The only bright spot in the holiday is Joe Jr.’s new relationship with Ruth (Eva Noblezada). Though their meet-cute gives off early 2000s stalker vibes, the Tony-nominated actress makes the most of what she’s given. Unsurprisingly, Noblezada supplies the most dynamic performance in the film. There are also some cameos throughout the film, including one that comes as a pleasant surprise and another that barely elicits laughter despite the actor’s abilities.
Director Jay Chandrasekhar (Super Troopers, The Dukes of Hazzard) provides exactly what he’s known for; a substandard comedy made even more substandard by a humorless role he gives himself. Despite the production bursting with Filipino talent, Easter Sunday is unspecific and exerts too much effort in being relatable to a broader audience by stripping Filipino-American culture to its barest parts. Yes, there are empanadas, halo-halo, karaoke parties, balikbayan boxes, and Manny Pacquiao gloves scattered across the film, but they feel more like hollow vessels that any other Asian token can replace. In fact, there’s really no reason why this film is set on Easter Sunday when it could have been any other holiday.

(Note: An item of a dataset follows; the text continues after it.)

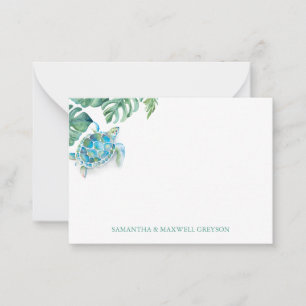 Personalisierte Meeresschildkröte Mitteilungskarte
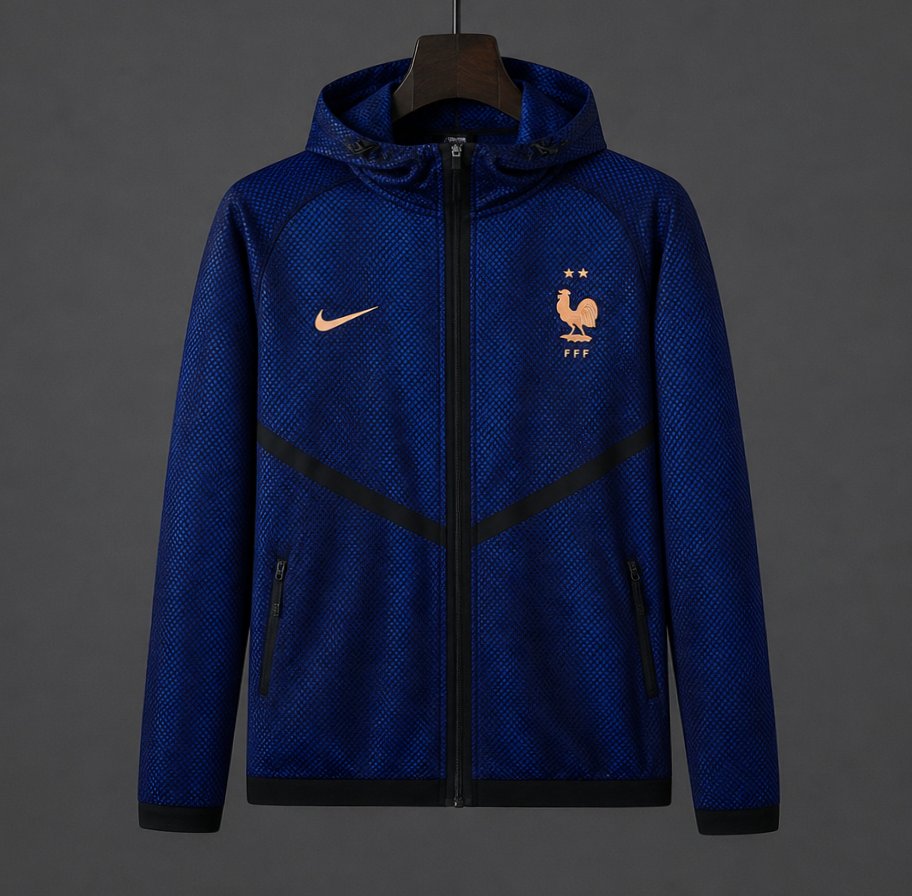 26/27 France Navy Blue Mesh Anthem Full Zipper Hooded Windbreaker Jacket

Koy and company may believe that the film’s lack of specificity is its strength, but all it does is robs it of an identity, something which Fil-Ams have been carefully negotiating with in light of their colonial and diasporic background. Chandrasekhar said, “This is an American movie and I’m proud of it,” although maybe the Filipino movie nested inside of it was more promising. As this reviewer succinctly put it, Easter Sunday feels like an audition tape for a sitcom about Jo Koy’s family. And, just like in audition tapes, it plays it way too safe and has the amateur blemishes that should have stayed in the drafts.
Jo Koy’s performative charm — which usually walks the line between endearing and stereotypical — is taken from him since a real person is now playing his mother. The persona that the stand-up comic has built his fortune lovingly mocking has a face now, and it turns out that the idea was funnier than the execution. He can’t rely on the exaggerated play-acting anymore and is forced to bounce off of actors who are only as funny as the script allows. It’s a lot different when he’s alone on stage and can inhabit multiple personas, the added punchline being the dramatic flare he adds to his impersonations.
Even when the film seems to make way for thoughtful discussions about appropriation and fetishization of Asian culture, it pulls back and seems to forget they ever happened. The best comedy films are those that pack an emotional punch from fully-formed characters who finally discover mature epiphanies contrasting with the crude humor that came before. Here, the most poignant revelations are “Don’t be an ungrateful child” and “Recognize the sacrifices your parents made for you.” If only there were more insight into the generational divide and character flaws that made these realizations so profound, then maybe these lessons would not have sounded like they came from a Grade 6 educational program.
In the end, the film’s problems can be chalked up to the heliocentrism of Jo Koy’s character. Everybody wants his attention, guidance, and approval, but he can’t give them all. He’s like a sponge soaking up all of his family’s insecurities, trepidations, and fallibilities. The thing is, Jo Koy isn’t really interesting as a father, or a son, or even a cousin; he’s interesting as a comedian, and that’s not what the film is asking him to do. – Rappler.com
Easter Sunday will open in Philippine cinemas on Wednesday, August 31.